Image taken from recently released video shows man purported to be Abu Bakr al-Baghdadi, ISIL's reclusive leader, making what would be his first public appearance at a mosque in the center of Iraq's second city, Mosul July 5, 2014.

Three months ago, Omar Al-Baghdadi, the leader of the militant Islamist group that has captured cities and towns in Syria and Iraq, announced a restored “Islamic State.”

But debate continues over how to refer to the jihadist movement.

The U.S. officially calls it "ISIL" — the Islamic State in Iraq and the Levant; so, too, does Britain. France has settled on “Daesh,” a common Arabic name for the group, whereas the U.N. has decided on “ISIS”: Islamic State in Iraq and Syria.

Meanwhile, journalists and editors struggle with wordy phrases such as "the self-styled Islamic State group.” So why can’t we all simply agree and settle on a single standard?

ISIS vs. ISIL

The group originally called itself al-Dawla al-Islamiya al-Iraq al-Sham, translated as the Islamic State of Iraq and al-Sham.

Contrary to common assumption, Sham does not refer just to Syria, but the eastern crescent of the Mediterranean, from Istanbul west to Egypt, including Cyprus and Israel. Sham is derived from an Arabic root word meaning "left" or "north,” but, to Muslims, it’s more than a geographic designation. It is the historic caliphate whose capital was Damascus.

In his June 29 announcement of a restored “caliphate,” however, Islamic State (IS) spokesman Abu Muhammad al-Adnani changed the group’s name.

“Accordingly,” he said, “'the Iraq and Sham' in the name of the Islamic State is henceforth removed from all official deliberations and communications, and the official name is the Islamic State from the date of this declaration.”

​In other words, Adnani was lifting colonial borders and declaring a hypothethical nation-state for all devout Sunni Muslims, and this in turn implies expansionist ambitions.

The French dubbed the region Levant — that is, “where the sun rises” — a purely geographic term that denotes the areas it colonized, says Musa Al-Gharbi, a researcher at Arizona University’s Southwest Initiative for the Study of Middle East Conflicts. For many, “Levant” is an easier concept to grasp than “Sham” — hence, "ISIL."

That’s the name the Obama Administration uses.

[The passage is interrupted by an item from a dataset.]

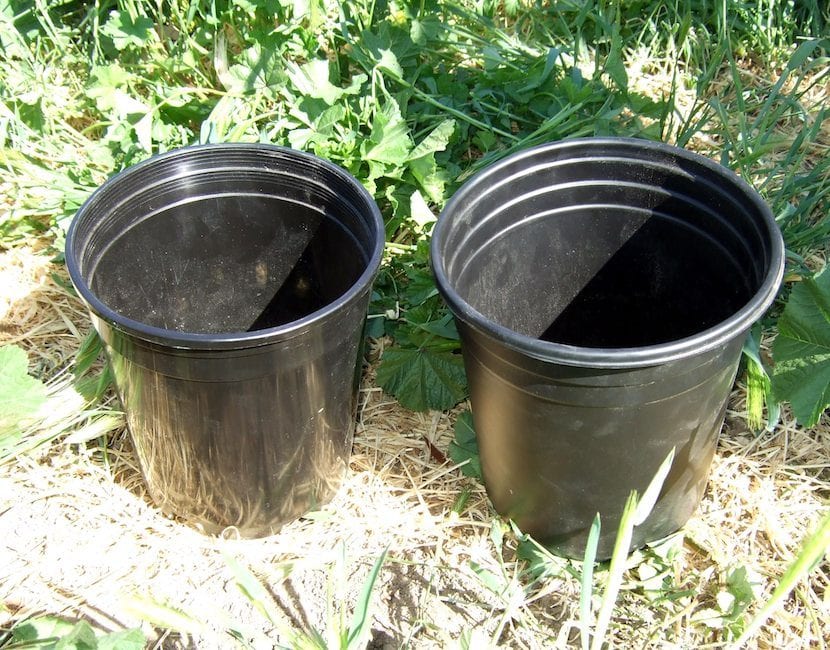 Macetas preparadas para el cultivo de arándano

As outgoing director of the National Counterterrorism Center Matthew Olsen explained in early September, referring to the “Islamic State” only validates the group’s claims to political and religious legitimacy.

Al-Gharbi says referring to the group as ISIL rather than the "Islamic State" reflects the White House's desire to separate the extremist movement from the religion, Islam."

Islamic State

It’s short, sweet, takes up little column space and it is what the group has named itself. But the problem is that the name implies membership of all Muslims and nothing could be further from the truth. In fact, the Islamic State is selective, rejecting all who do not adhere to a strict, literal interpretation of the Koran. That would include Shiite, apostates, heretics and Muslims who have adapted modern ways, who the IS collectively dismisses as kuffar, “disbelievers.”

It’s a designation that is costing many Muslim IS opponents their lives.

Even so, many media outlets have opted to use the phrase, including the Associated Press, Reuters, major newspapers like The New York Times, as well as the VOA, which most often refers to the group as Islamic State militants.

“VOA as a rule tries to conform to the style policies of the Associated Press unless there is a good reason to do otherwise because that is the standard for American media and because it makes it easier to be consistent,” said David Jones, VOA's Central News division head.

Beyond that, adds Jones, it is the name chosen by the group itself. “We feel it reflects the global ambitions of the group better than the alternatives — Islamic State in Iraq and Syria or Islamic State in Iraq and the Levant.”

Other editors make the case that avoiding the term “Islamic State” reflects political bias.

“The rationale is that this is the group’s self-designated name, even if we think the group is despicable,” said Foreign Policy (FP) copy chief Preeti Aroon. “Also, we don’t want readers to think Foreign Policy is oblivious to the name change.”

That said, she does make some exceptions.

“Sometimes FP does use ISIS in headlines and tweets because it’s concise and catchier,” Aroon said. “Style rules shouldn’t be rigid; there needs to be some allowance for poetic license. Also, due to the volume of articles FP publishes, I can’t personally copy-edit each one, so ‘style violations’ such as ISIS will sometimes appear in FP articles."

The French solution

Recently, France decided that it would use the term “Daesh,” as the alternatives “blur the lines between Islam, Muslims and Islamists.”

DAESH is an approximate acronym for al-Dawla al-Islamiya al-Iraq al-Sham.

“In Arabic, when you put those letters together and pronounce them as one syllable,” Gharbi said, “it sounds like the Arabic verb which means to crush or to tread on, and that’s why al-Daesh is used in a lot of Middle Eastern countries as a perjorative for the group.”

It’s a name the IS group hates, he says.

“They’ve vowed to cut out the tongues from anyone who calls them that.”